-- Data section follows --
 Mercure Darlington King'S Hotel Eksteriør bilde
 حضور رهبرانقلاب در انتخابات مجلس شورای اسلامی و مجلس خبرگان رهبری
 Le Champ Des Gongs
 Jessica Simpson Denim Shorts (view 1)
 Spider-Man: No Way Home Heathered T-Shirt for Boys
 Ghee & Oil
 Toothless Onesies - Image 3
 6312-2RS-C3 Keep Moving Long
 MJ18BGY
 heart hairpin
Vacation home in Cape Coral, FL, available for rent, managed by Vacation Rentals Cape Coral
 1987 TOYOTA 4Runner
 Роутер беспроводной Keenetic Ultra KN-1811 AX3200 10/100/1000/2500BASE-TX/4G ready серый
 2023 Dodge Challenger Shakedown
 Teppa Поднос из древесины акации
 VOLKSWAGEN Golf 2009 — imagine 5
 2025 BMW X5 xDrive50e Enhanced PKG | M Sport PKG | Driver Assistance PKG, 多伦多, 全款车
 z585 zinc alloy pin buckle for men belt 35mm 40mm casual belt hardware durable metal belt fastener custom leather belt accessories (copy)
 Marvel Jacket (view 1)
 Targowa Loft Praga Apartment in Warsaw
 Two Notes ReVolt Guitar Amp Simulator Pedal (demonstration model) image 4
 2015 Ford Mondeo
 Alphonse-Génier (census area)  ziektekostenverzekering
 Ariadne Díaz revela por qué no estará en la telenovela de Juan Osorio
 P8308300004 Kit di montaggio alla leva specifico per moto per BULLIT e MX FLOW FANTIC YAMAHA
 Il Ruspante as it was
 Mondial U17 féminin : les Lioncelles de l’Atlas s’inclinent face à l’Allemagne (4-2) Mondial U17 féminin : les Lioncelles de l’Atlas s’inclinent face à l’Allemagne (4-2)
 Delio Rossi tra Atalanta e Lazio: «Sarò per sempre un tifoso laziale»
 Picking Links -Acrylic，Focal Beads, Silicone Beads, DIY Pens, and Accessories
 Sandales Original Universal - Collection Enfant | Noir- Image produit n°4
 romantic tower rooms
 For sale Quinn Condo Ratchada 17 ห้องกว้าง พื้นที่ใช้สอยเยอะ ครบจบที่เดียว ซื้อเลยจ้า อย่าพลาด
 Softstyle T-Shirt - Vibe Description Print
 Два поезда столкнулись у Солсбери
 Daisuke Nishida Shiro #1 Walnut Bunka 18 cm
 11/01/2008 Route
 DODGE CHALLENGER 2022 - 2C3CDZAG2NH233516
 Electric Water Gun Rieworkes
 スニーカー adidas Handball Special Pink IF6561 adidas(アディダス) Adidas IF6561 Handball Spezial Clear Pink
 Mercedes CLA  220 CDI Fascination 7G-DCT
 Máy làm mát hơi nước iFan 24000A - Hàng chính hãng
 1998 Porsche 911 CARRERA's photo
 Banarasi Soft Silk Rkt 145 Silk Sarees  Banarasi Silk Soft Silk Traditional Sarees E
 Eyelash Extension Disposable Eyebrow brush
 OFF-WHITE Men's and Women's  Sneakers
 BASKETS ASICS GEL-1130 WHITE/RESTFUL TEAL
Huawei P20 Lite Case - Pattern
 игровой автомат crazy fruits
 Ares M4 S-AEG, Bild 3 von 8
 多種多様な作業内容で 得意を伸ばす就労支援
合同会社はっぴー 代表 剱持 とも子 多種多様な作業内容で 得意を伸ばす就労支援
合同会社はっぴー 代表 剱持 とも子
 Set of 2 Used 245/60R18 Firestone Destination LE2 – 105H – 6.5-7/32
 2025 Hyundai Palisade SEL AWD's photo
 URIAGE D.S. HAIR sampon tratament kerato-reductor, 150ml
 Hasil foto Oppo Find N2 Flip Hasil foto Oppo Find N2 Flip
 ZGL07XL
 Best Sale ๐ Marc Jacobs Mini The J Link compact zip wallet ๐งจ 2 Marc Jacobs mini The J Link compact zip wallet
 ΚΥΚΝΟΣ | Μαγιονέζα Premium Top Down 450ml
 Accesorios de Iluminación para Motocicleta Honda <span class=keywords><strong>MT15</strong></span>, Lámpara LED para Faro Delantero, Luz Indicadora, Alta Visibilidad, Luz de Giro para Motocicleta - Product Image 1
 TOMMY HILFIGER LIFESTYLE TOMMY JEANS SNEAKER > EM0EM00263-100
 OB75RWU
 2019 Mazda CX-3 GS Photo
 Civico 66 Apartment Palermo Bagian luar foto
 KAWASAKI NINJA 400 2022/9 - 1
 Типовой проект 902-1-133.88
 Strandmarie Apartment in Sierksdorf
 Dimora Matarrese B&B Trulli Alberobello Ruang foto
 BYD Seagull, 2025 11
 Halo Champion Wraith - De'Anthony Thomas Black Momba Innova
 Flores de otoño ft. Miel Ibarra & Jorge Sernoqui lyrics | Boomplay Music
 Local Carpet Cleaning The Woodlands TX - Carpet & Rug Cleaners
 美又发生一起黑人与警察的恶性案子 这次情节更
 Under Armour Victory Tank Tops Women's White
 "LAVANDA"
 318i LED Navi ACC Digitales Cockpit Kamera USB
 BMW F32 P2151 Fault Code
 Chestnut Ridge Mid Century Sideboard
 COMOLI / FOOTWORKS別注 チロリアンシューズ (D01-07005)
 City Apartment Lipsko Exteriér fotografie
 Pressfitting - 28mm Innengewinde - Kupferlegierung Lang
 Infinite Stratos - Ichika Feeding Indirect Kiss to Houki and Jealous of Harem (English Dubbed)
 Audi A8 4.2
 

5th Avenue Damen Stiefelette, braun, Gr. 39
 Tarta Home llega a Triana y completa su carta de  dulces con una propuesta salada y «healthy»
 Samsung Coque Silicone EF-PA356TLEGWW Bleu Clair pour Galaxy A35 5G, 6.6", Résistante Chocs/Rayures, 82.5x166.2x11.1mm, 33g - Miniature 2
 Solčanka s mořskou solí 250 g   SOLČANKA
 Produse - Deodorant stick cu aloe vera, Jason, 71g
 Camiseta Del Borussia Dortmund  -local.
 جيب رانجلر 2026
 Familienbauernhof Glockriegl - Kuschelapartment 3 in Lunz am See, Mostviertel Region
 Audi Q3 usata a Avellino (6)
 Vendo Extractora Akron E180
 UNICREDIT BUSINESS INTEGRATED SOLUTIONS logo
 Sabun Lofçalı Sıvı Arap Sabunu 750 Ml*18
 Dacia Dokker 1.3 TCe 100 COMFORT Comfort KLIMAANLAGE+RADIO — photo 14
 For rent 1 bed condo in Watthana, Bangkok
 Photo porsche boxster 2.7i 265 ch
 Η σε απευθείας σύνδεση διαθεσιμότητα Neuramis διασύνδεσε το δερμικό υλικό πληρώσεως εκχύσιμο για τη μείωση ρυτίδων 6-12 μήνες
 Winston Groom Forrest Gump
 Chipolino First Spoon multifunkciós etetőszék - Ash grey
-- Data section concluded --
■ **Exercise requirements**
Where the line holding "Dacia Dokker 1.3" appears in the listing above, start reproducing exactly, and end with the line holding "Photo porsche boxster 2.7i 265 ch".

■ **Solution to the exercise**
 Dacia Dokker 1.3 TCe 100 COMFORT Comfort KLIMAANLAGE+RADIO — photo 14
 For rent 1 bed condo in Watthana, Bangkok
 Photo porsche boxster 2.7i 265 ch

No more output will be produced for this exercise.